Build evaluation queries in three categories. First, text-answerable queries where the answer exists in text chunks (these test that multimodal indexing has not degraded text retrieval). Second, image-answerable queries where the answer requires interpreting a specific chart, diagram, or image ("What was the failure rate trend in Q3?" where the answer is in a line chart). Third, cross-modal queries where the answer requires combining text and visual context ("How does the architecture diagram relate to the performance numbers in section 4?").

Measure retrieval recall separately for each category. If text recall drops significantly compared to a text-only baseline, your multimodal embedding or fusion strategy is hurting text retrieval and needs adjustment. If image recall is below 60% on image-answerable queries, the image descriptions or multimodal embeddings are not capturing the visual content well enough. Target recall@5 above 80% for text queries and above 70% for image queries as a reasonable starting benchmark.

For generation quality, evaluate whether the LLM correctly interprets visual content in its answers. This requires human review because automated metrics cannot reliably judge whether a chart was read correctly. Sample 20 to 30 image-dependent answers and verify that the model extracted the right values, identified the right trends, and did not hallucinate data points that do not appear in the image.

Production Considerations

Image storage and serving adds infrastructure cost. Each extracted image needs to be stored, versioned, and served with low latency at generation time. Using a CDN-backed object store (S3 with CloudFront, GCS with Cloud CDN) keeps image serving fast without overloading your application servers. Budget 2 to 10 MB per document page for images at usable resolution, which adds up quickly for large knowledge bases.

The vision LLM captioning step during ingestion is the most expensive part of multimodal ingestion. GPT-4o charges approximately $0.0075 per image at high resolution, and Gemini 1.5 Flash is roughly $0.0003 per image. For a knowledge base with 50,000 images, GPT-4o captioning costs $375, while Gemini 1.5 Flash costs $15. Use the cheaper model for initial captioning and reserve the expensive model for images where the cheap model's description fails quality checks.
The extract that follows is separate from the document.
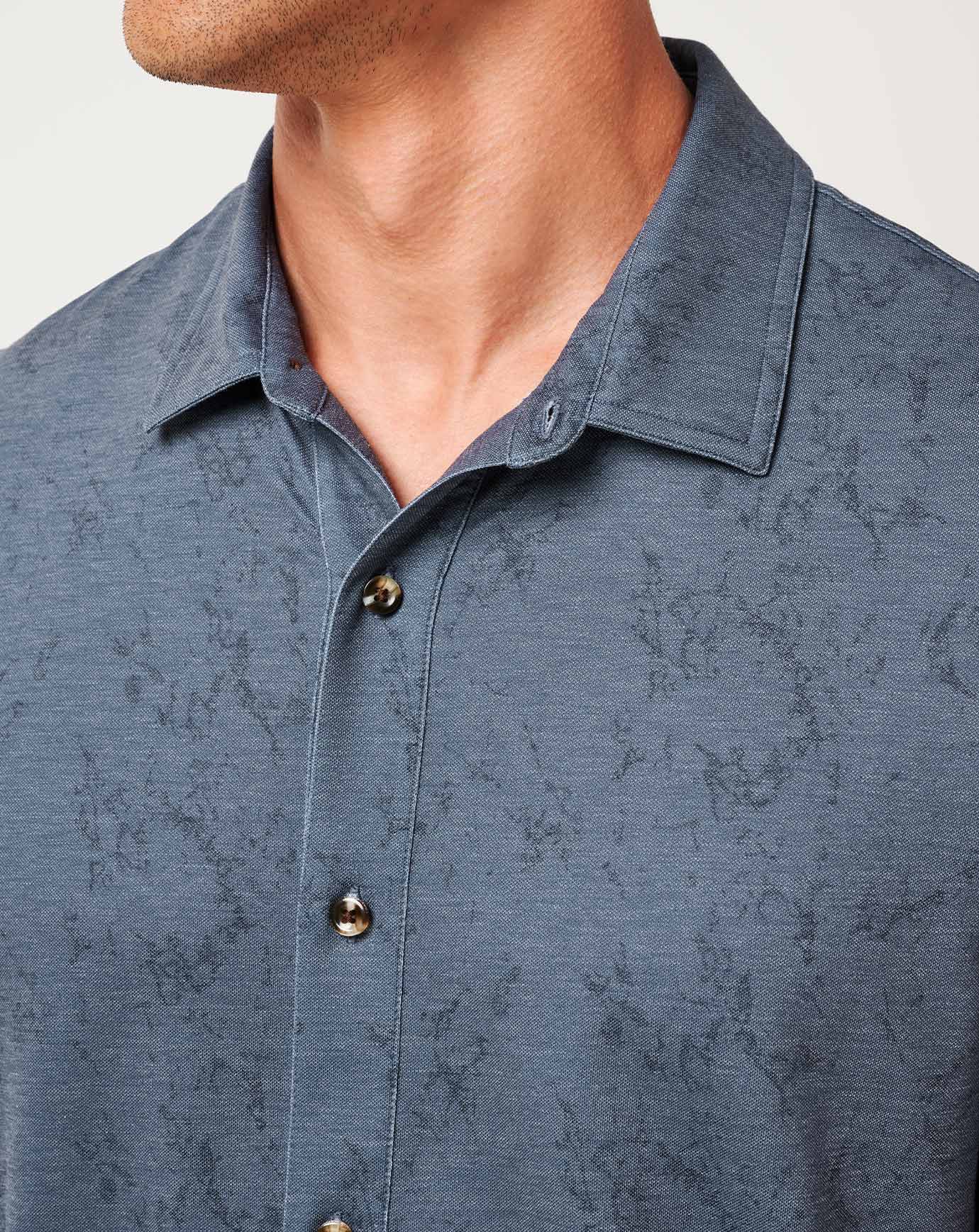Mood Indigo/Vintage Indigo Travis Mathew Knit Featherweight Tides Button-Up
Latency increases because multimodal prompts are larger and image encoding adds processing time. Expect multimodal RAG queries to take 2 to 4 seconds end-to-end compared to 1 to 2 seconds for text-only RAG, primarily due to the larger prompt and vision model processing. Caching frequently retrieved images in memory (rather than fetching from object storage on every request) and pre-encoding images to base64 during ingestion rather than at query time reduce the latency gap.

Key Takeaway

Start multimodal RAG with text-description bridging: caption images using a vision LLM, embed the captions with your existing text embedding model, and pass original images to the vision LLM at generation time. This gives you multimodal retrieval without rebuilding your text pipeline. Move to unified multimodal embeddings or late fusion only when text-description bridging hits a retrieval quality ceiling.